What the task asks:
Restate the records below word for word, and omit the images they hold.

================================

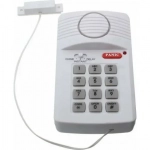 Σύστημα Συναγερμού Secure Pro keypad Alarm System έντασης 110 db - OEM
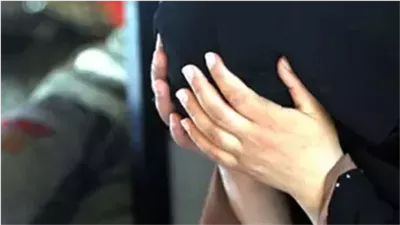 تفاصيل إنهاء زوجة حياة زوجها بسوهاج بسبب خلافات أسرية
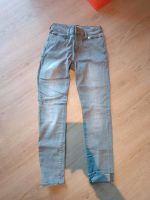 Mavi Jeans Grau Damen 27/32 Nordrhein-Westfalen - Gütersloh Vorschau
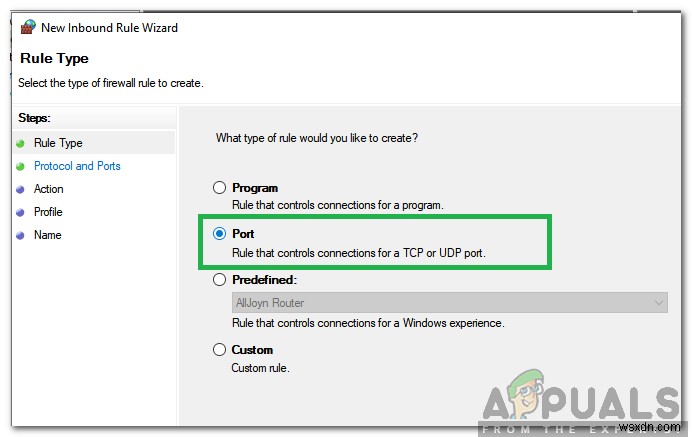 FileZilla पर  डायरेक्टरी लिस्टिंग को पुनः प्राप्त करने में विफल  त्रुटि को कैसे ठीक करें? 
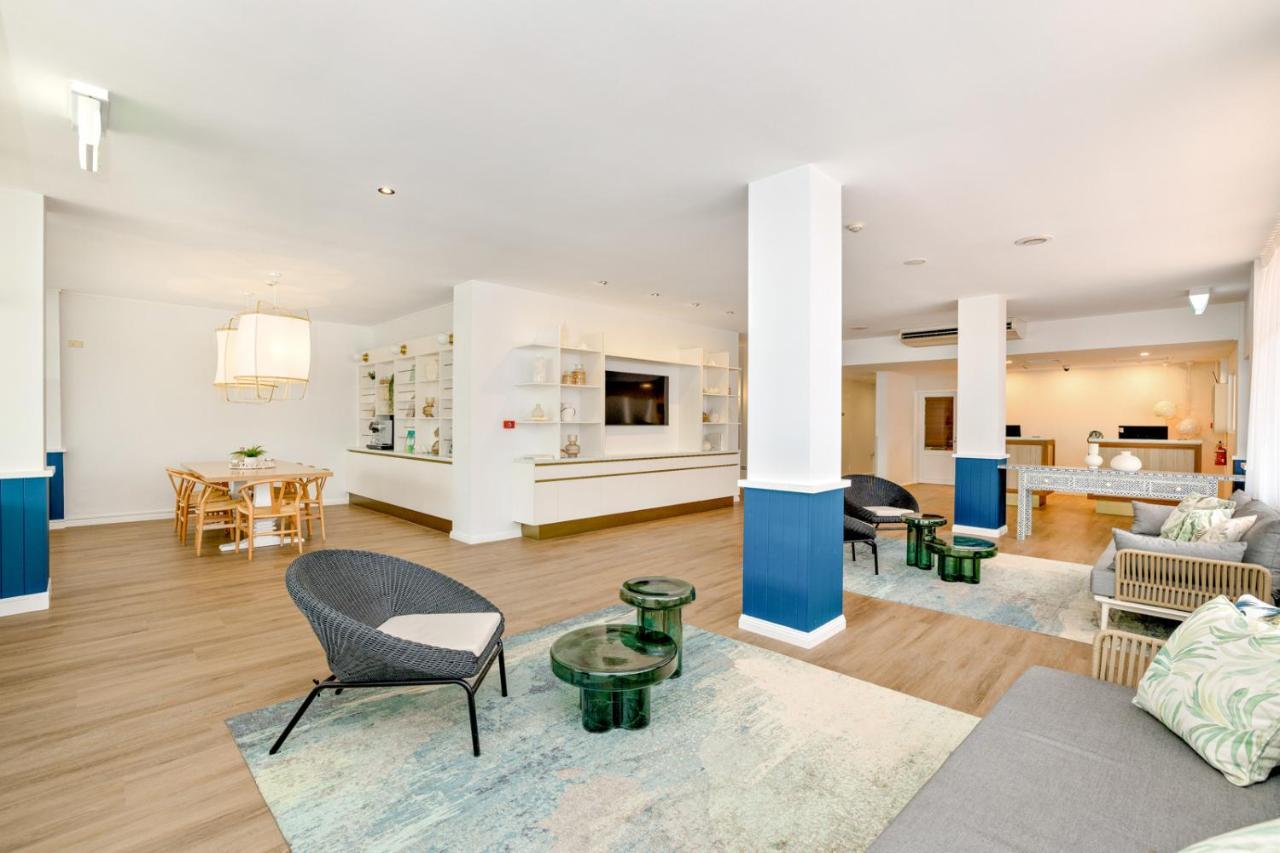 Mercure Кэрнс Экстерьер фото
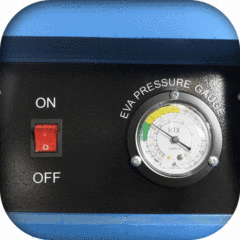Recycling Facility Air Dryer: High-Pressure 16bar & Durable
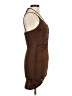 Assorted Brands Brown Cocktail Dress Size M - photo 4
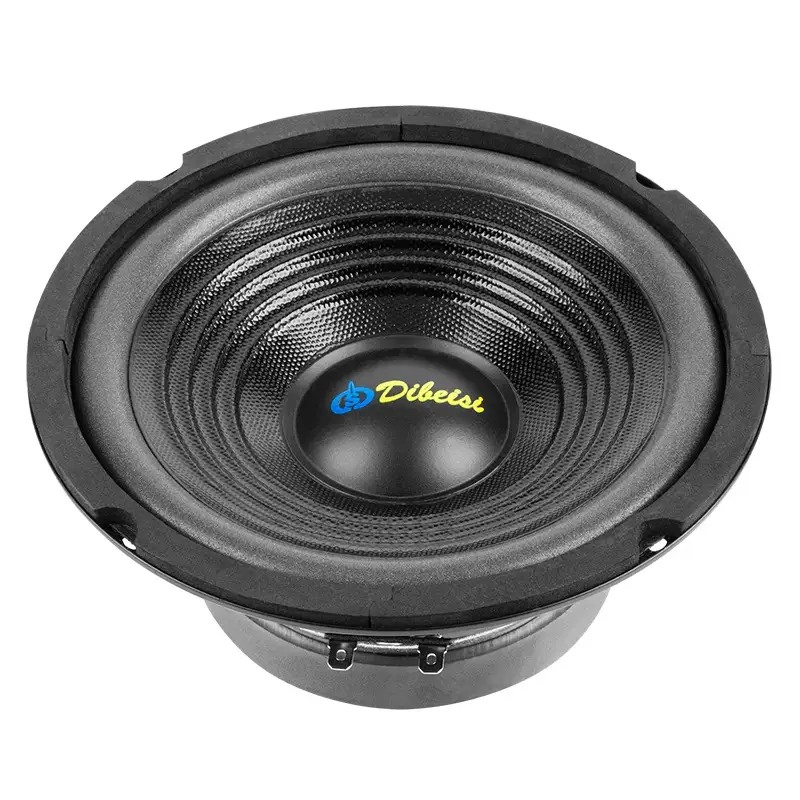 Difuzor 6.5cm 60Hz-5kHz G6502-8 33504                                                                                                                                                                   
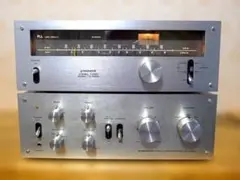 2026年最新】pioneer tx-6300の人気アイテム - メルカリ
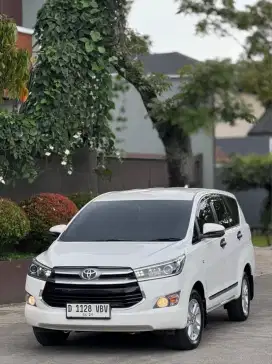 Innova Reborn V Matic Bensin 2019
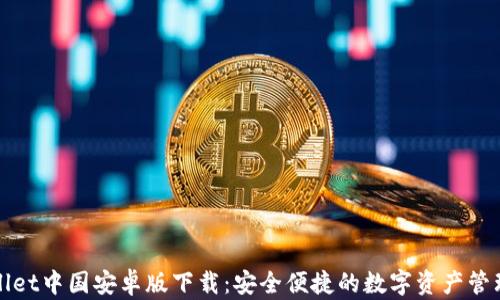 
tpWallet中国安卓版下载：安全便捷的数字资产管理工具
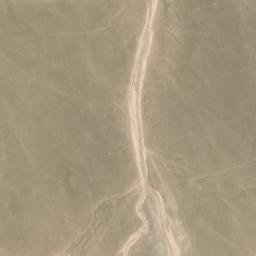 Satellite imagery of Cerro Soronal, CL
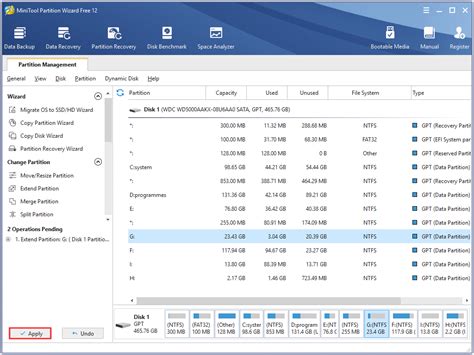 What Size of Hard Drive Do I Need for My Laptop - MiniTool - MiniTool Partition Wizard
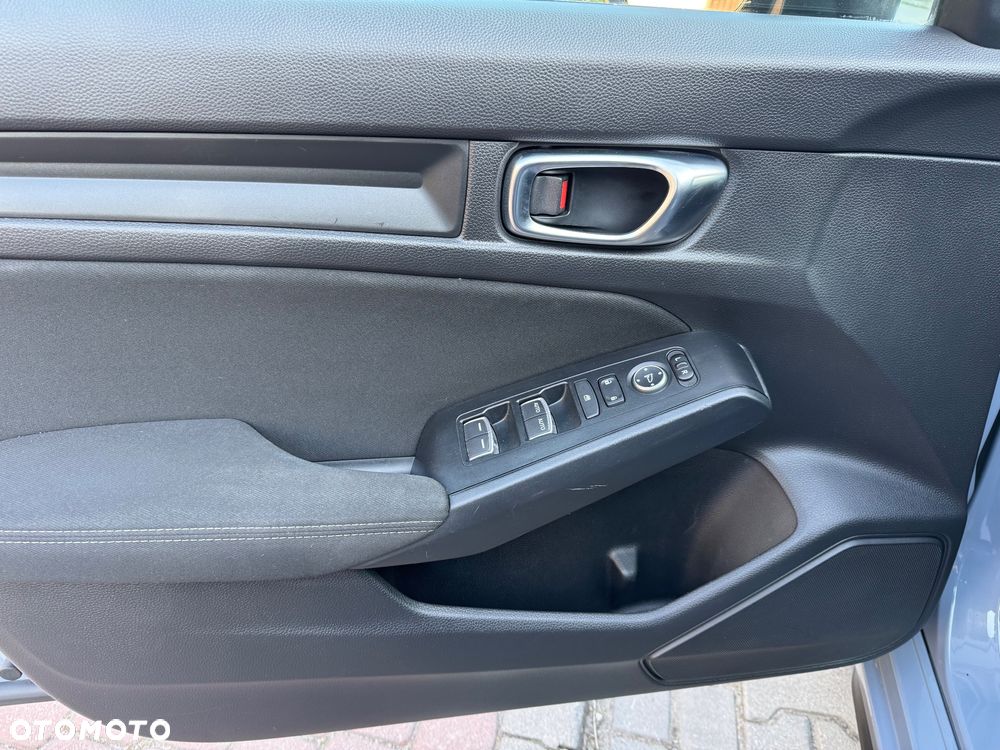 Honda Civic 1.5 T Sport Plus (Navi) - 18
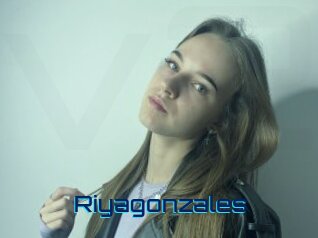 riyagonzales Vidéos de Cul FR
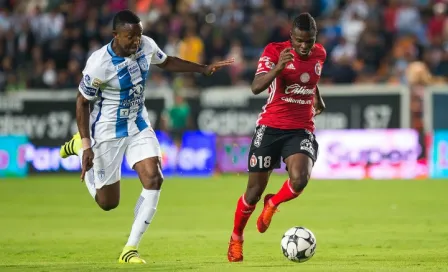 Xolos arrebata triunfo y prolonga mala racha de Pachuca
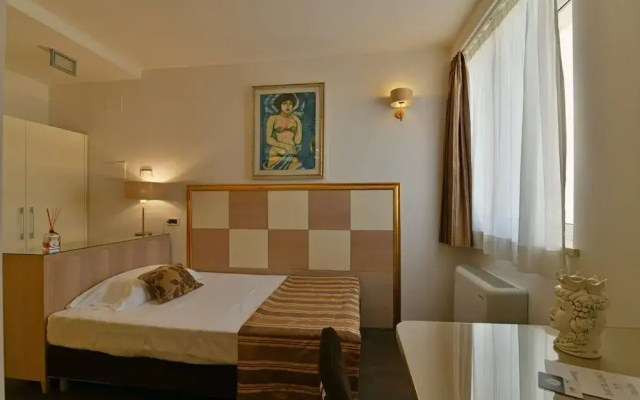 Hotel Le Chevalier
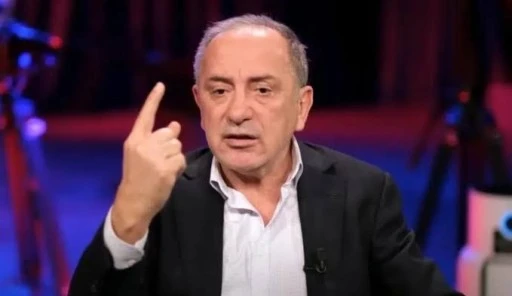 Fatih Altaylı'ya 4 yıl 2 ay hapis cezası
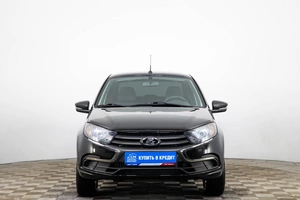 Седан ВАЗ (LADA) Granta 2024 года, 1019000 рублей, Пермь
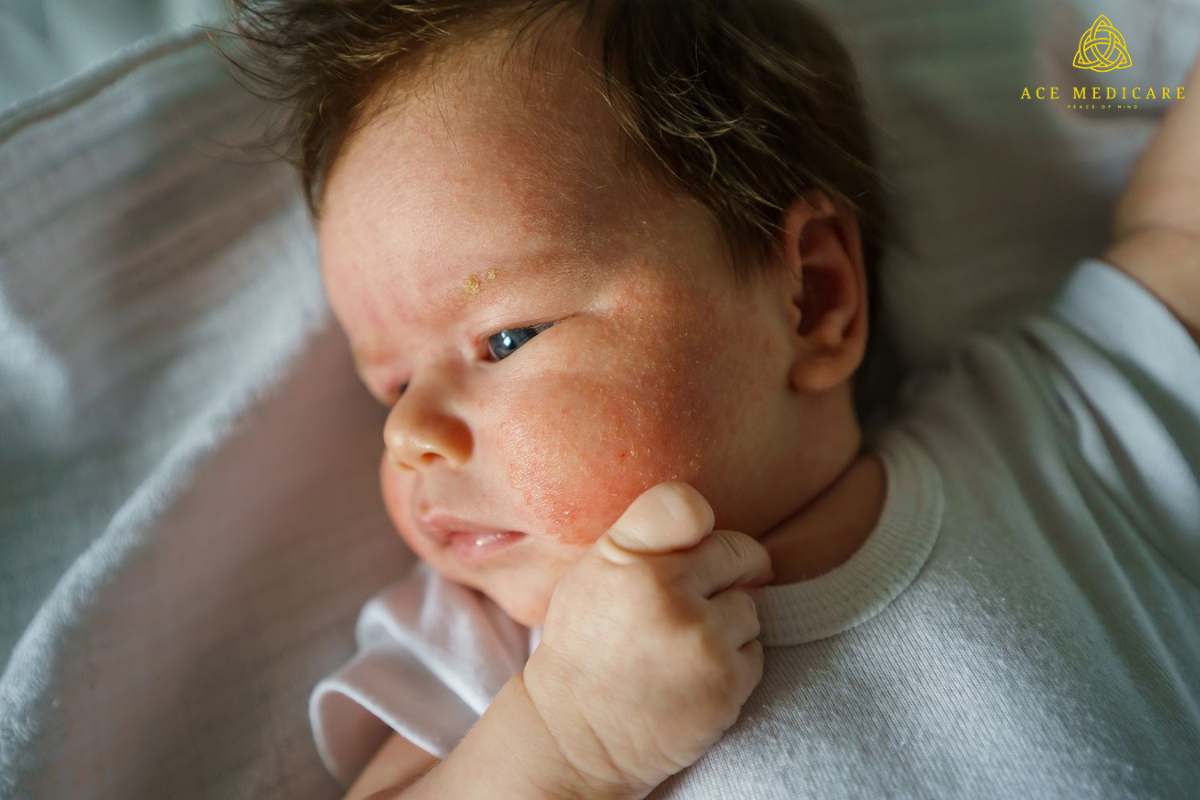 The Ultimate Guide to Common Skin Conditions in Children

================================

Expected output:
 Σύστημα Συναγερμού Secure Pro keypad Alarm System έντασης 110 db - OEM
 تفاصيل إنهاء زوجة حياة زوجها بسوهاج بسبب خلافات أسرية
 Mavi Jeans Grau Damen 27/32 Nordrhein-Westfalen - Gütersloh Vorschau
 FileZilla पर  डायरेक्टरी लिस्टिंग को पुनः प्राप्त करने में विफल  त्रुटि को कैसे ठीक करें? 
 Mercure Кэрнс Экстерьер фото
Recycling Facility Air Dryer: High-Pressure 16bar & Durable
 Assorted Brands Brown Cocktail Dress Size M - photo 4
 Difuzor 6.5cm 60Hz-5kHz G6502-8 33504                                                                                                                                                                   
 2026年最新】pioneer tx-6300の人気アイテム - メルカリ
 Innova Reborn V Matic Bensin 2019
tpWallet中国安卓版下载：安全便捷的数字资产管理工具
 Satellite imagery of Cerro Soronal, CL
 What Size of Hard Drive Do I Need for My Laptop - MiniTool - MiniTool Partition Wizard
 Honda Civic 1.5 T Sport Plus (Navi) - 18
 riyagonzales Vidéos de Cul FR
 Xolos arrebata triunfo y prolonga mala racha de Pachuca
 Hotel Le Chevalier
 Fatih Altaylı'ya 4 yıl 2 ay hapis cezası
 Седан ВАЗ (LADA) Granta 2024 года, 1019000 рублей, Пермь
 The Ultimate Guide to Common Skin Conditions in Children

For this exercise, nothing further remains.